In recent years, due to safety and efficacy, benzimidazoles attract scientists’ attention to be repurposed as alternative therapeutic methods in various diseases. Mebendazole seems to possess protective properties to be repurposed as a new candidate in the treatment of ulcerative colitis, however, it is worth mentioning that in this study we demonstrated a therapeutic effect for MBZ in a single mouse model of ulcerative colitis and further testing in other UC models (e.g., T cell transfer) is needed. In line with this, Wildenberg et al. investigated the therapeutic potency of albendazole, another member of the benzimidazole family, in combination with Infliximab, anti-TNF, in T cell transfer model of colitis. Their findings showed that albendazole potentiated the therapeutic effects of Infliximab by over-expressing the immunoregulatory cytokine IL-10 and by enhancing induction of regulatory macrophages by modulating tubulin skeleton and AMPK signaling in vitro. Consistent with cellular studies, they showed that combination treatment with albendazole and Infliximab was superior to monotherapy in decreasing clinical symptoms and accelerating the healing process in the murine model of colitis38. On the other hand, considering the similarities between molecular mechanisms underlying ulcerative colitis and Crohn’s disease, mebendazole may be a good candidate for adjunct therapy in Crohn’s disease as well, but its safety and efficacy must be first investigated in pre-clinical and clinical models of Crohn’s disease.

In conclusion, our study for the first time has shown that the anti-helminth drug mebendazole may be repurposed as a novel therapy for UC treatment.

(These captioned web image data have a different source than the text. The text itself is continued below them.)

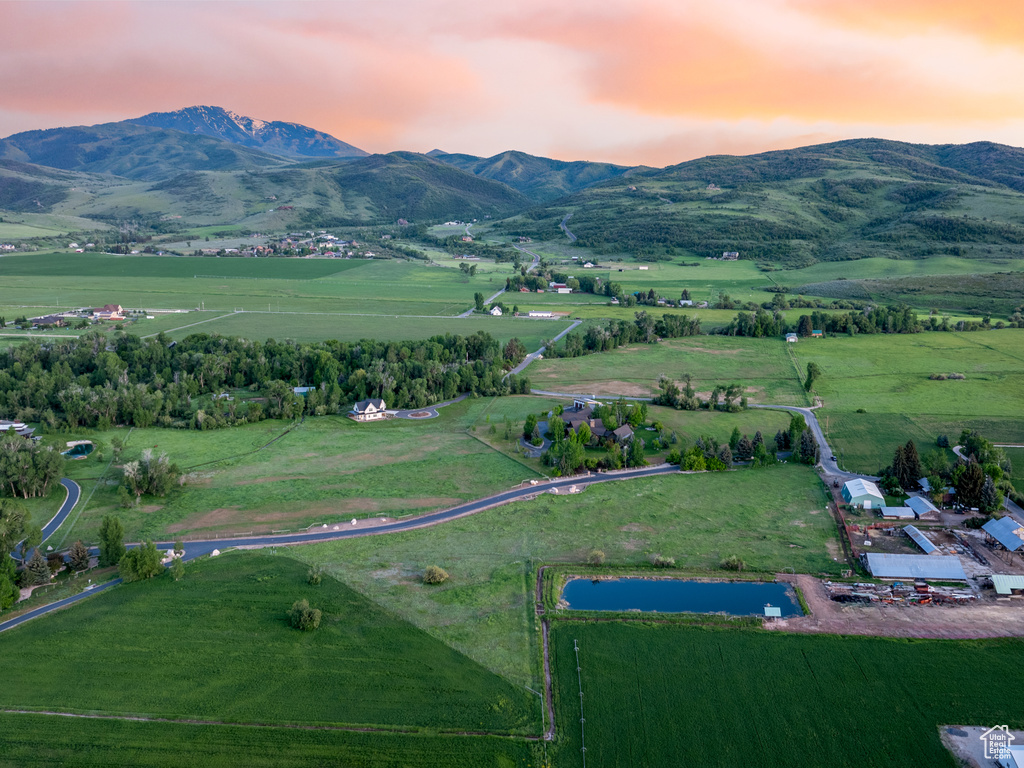 Aerial view at dusk of a view of countryside and a mountain view
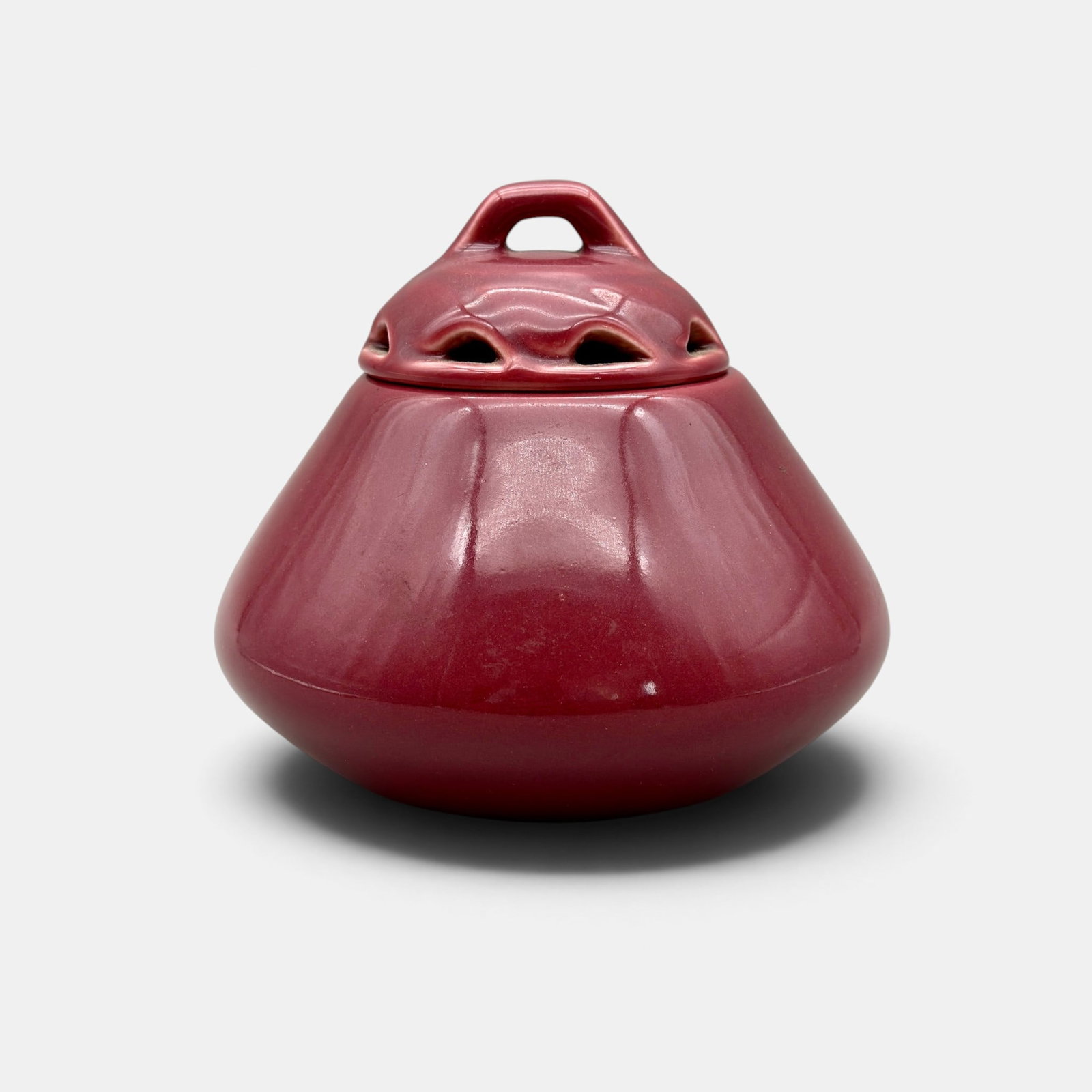 Rookwood scent jar, two lids, 1922.: Rookwood Porcelain scent jar with both inner and outer lid, done in a rich maroon glaze in 1922. Impressed Rookwood logo, XXII, Shape number 2337. Height 4 3/8 inches.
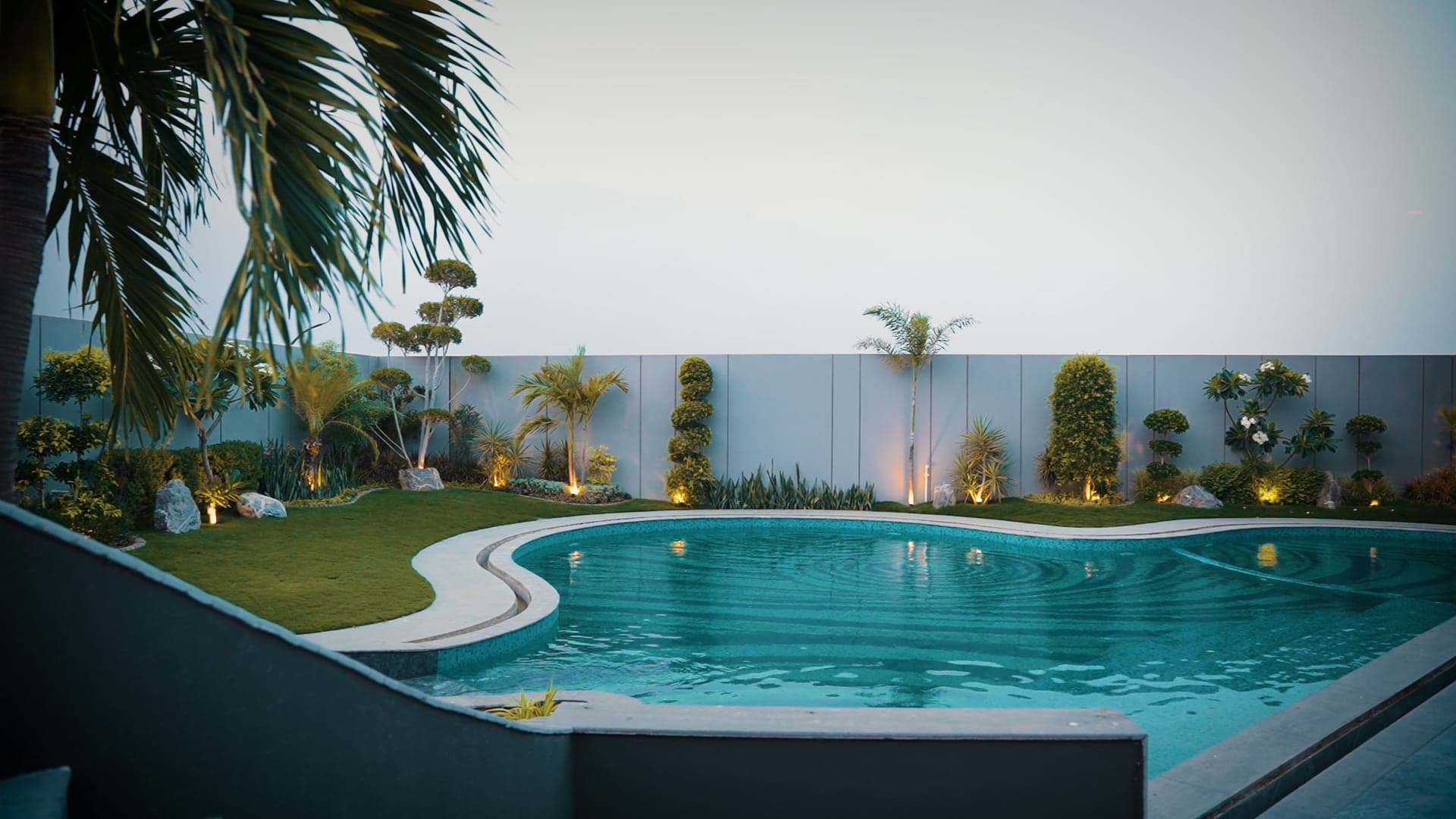 Free-form swimming pool beside a landscaped garden of palms and topiary along an uplit perimeter wall at dusk at FHU Resorts Karachi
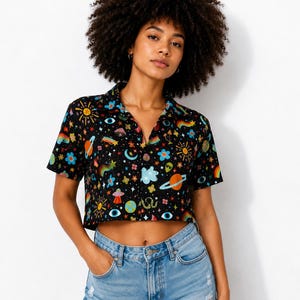 May include: A black short-sleeved button-down crop top featuring a colorful all-over print of planets, stars, rainbows, flowers, mushrooms, and alien faces, paired with light blue denim shorts that have a distressed, frayed hemline.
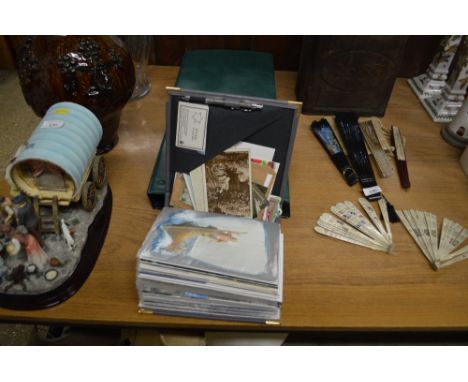 Three albums of various prints, First Day covers, post-cards etc. 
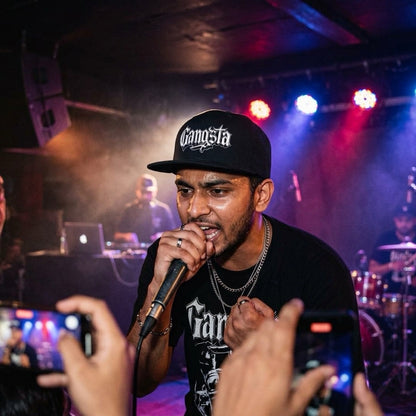 rapper singing into a microphone with 'Gangsta' cap at a concert with stage lights and audience.
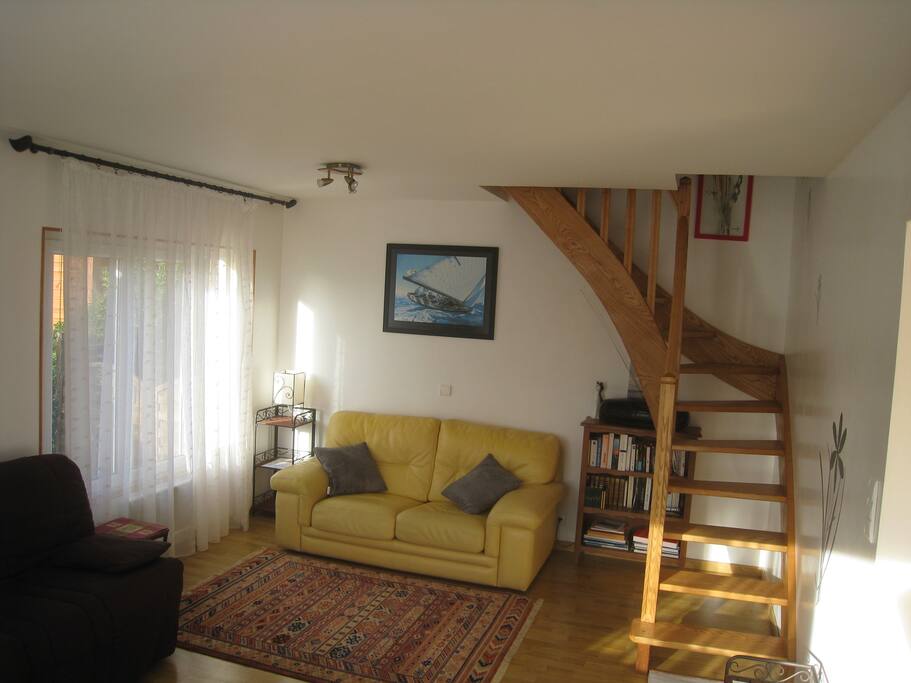 Escalier menant à une petite chambre séparée et un palier avec canapé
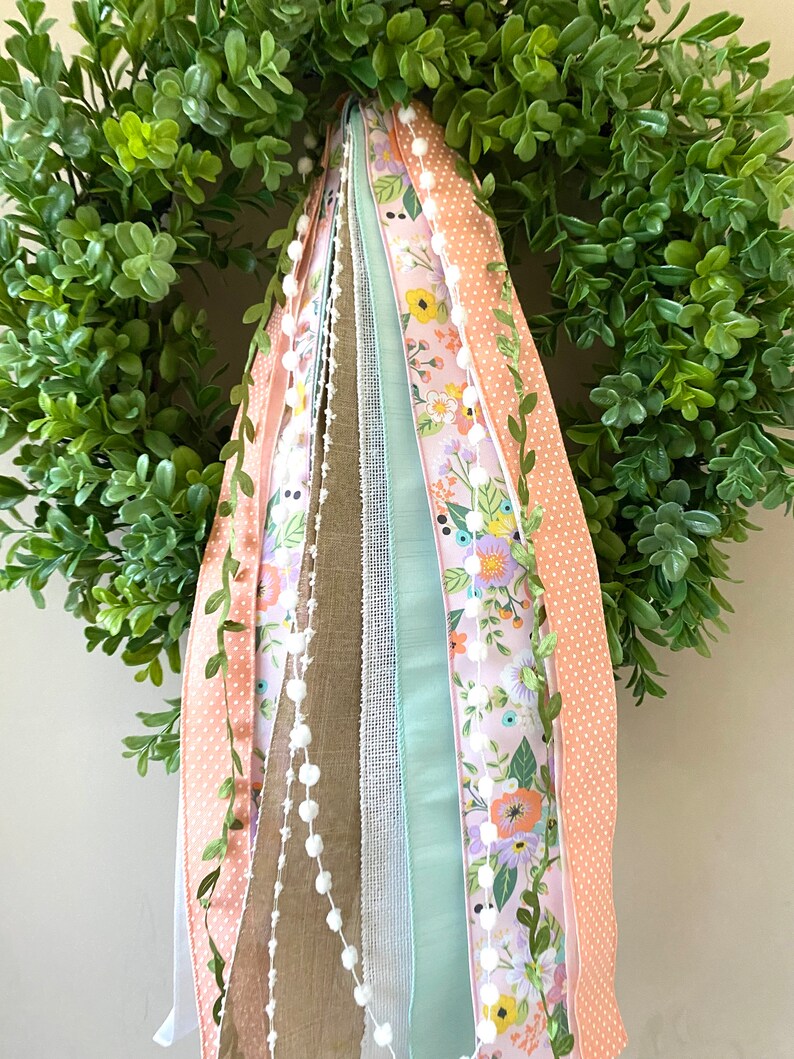 May include: A green, leafy wreath with a variety of decorative ribbons. The ribbons include floral patterns, polka dots, and solid colors in shades of pink, peach, and green. A string of white pom-poms adds a delicate touch.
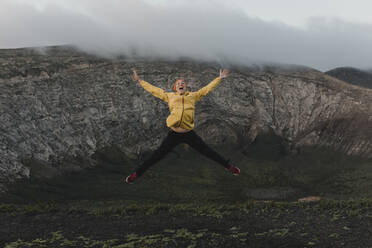 Carefree woman with arms outstretched jumping at Caldera Blanca volcano, Lanzarote, Canary Islands, Spain - DMGF00947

Moreover, combination with SSZ showed better efficacy compared to either treatment alone only in colon length (Fig. 2E), inflammation score (Fig. 3C), MDA concentration (Fig. 4D), and Collagen content (5B). Further investigations in other models of ulcerative colitis and clinical trials are needed to elucidate the exact molecular mechanisms underlying anti-inflammatory and anti-fibrotic properties of the FDA-approved MBZ to be used for patients suffering from UC and other types of IBD in the future.